In the listing that follows, the range to quote begins at the line that has "Shop - Studio" and ends after the line that has "suzuki - v-strom-1050-xt"; quote it verbatim and add nothing.

Data section ▸
========
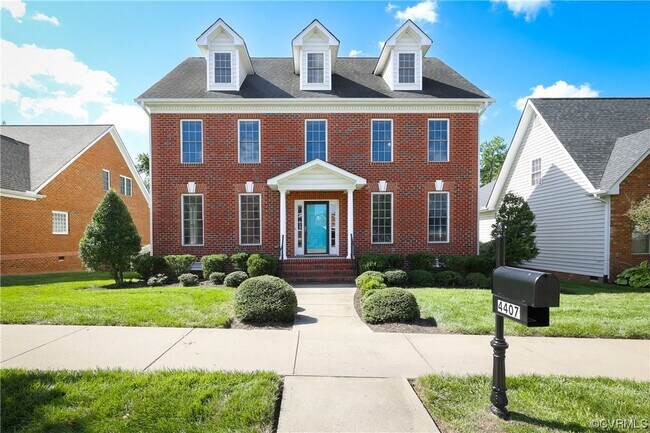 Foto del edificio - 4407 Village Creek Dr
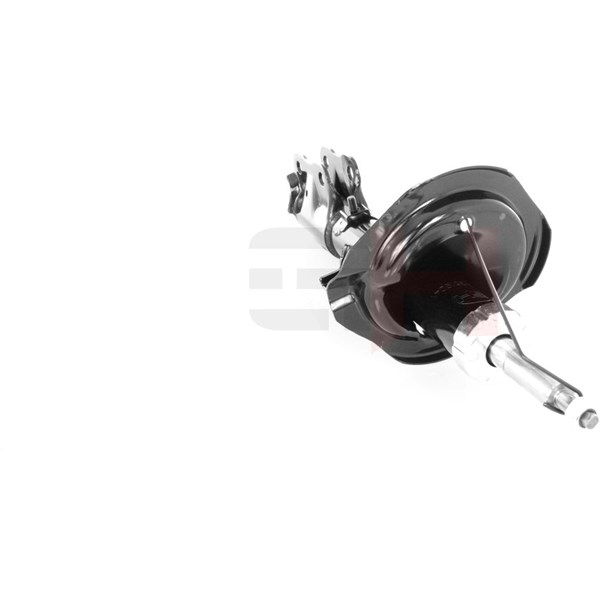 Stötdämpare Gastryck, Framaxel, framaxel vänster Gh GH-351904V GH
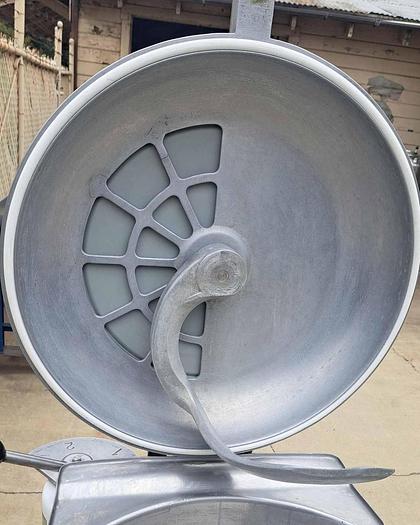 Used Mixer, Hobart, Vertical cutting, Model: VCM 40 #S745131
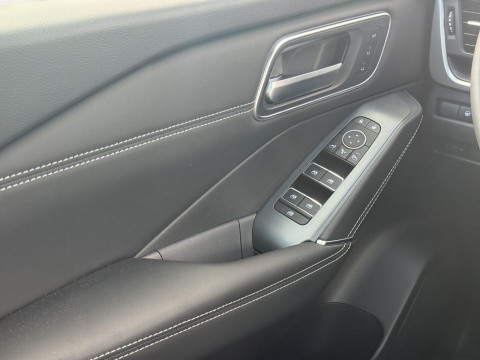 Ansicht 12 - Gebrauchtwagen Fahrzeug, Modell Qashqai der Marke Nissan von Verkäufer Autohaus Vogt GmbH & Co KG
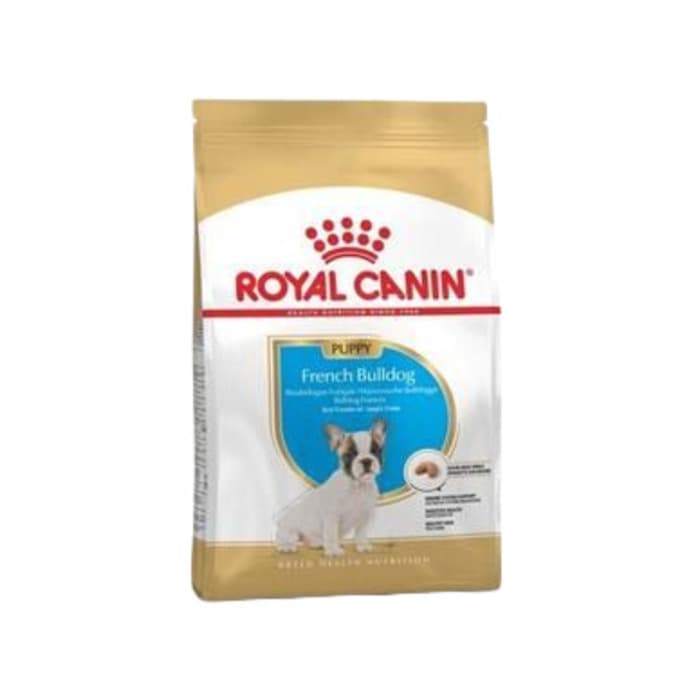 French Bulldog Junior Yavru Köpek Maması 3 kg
========
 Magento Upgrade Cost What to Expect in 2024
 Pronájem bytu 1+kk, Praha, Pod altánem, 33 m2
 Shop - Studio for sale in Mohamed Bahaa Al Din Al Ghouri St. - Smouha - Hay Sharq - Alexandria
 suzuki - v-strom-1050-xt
========
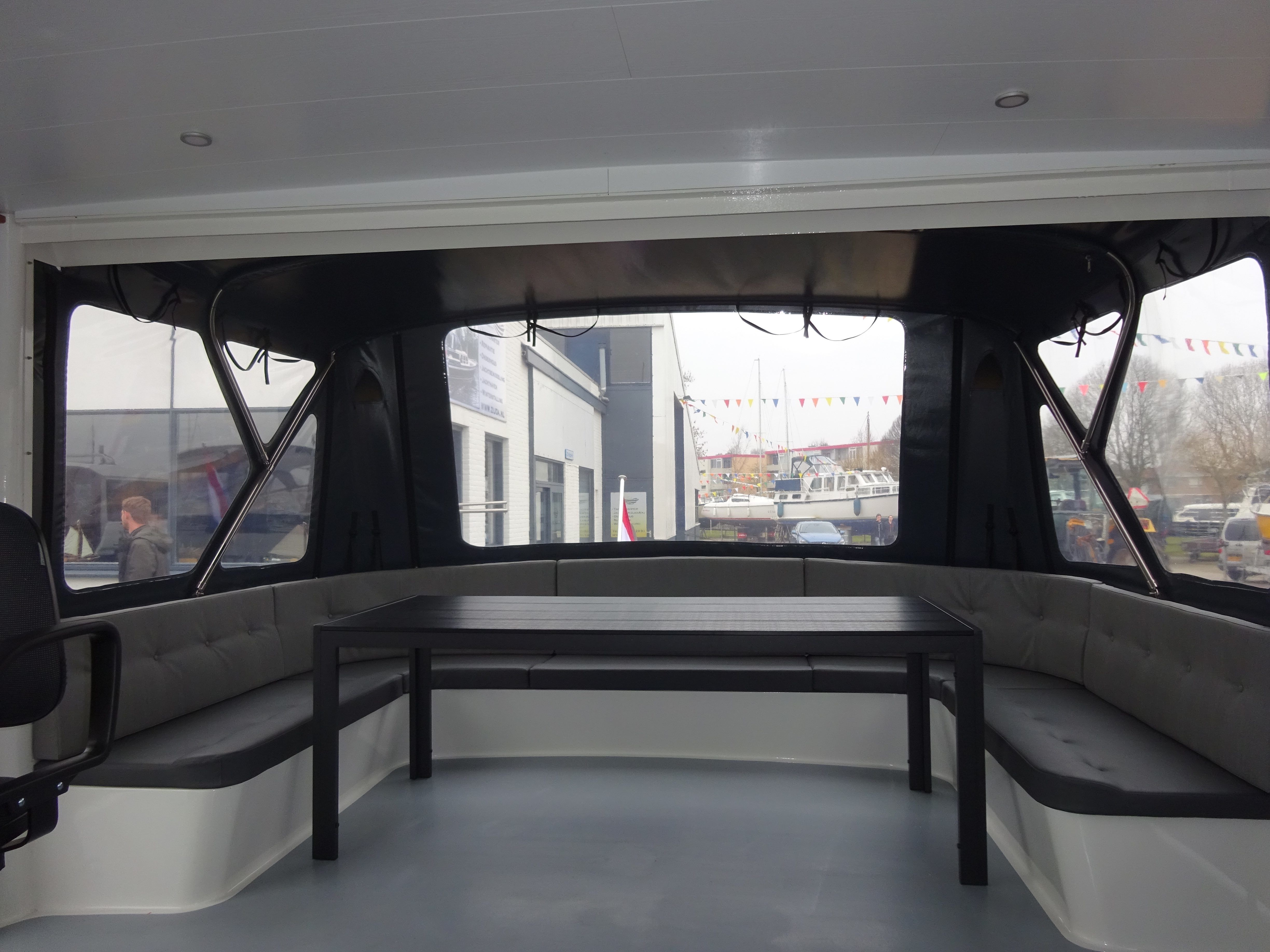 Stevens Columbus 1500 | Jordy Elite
========
Answer to this problem ▸
 Shop - Studio for sale in Mohamed Bahaa Al Din Al Ghouri St. - Smouha - Hay Sharq - Alexandria
 suzuki - v-strom-1050-xt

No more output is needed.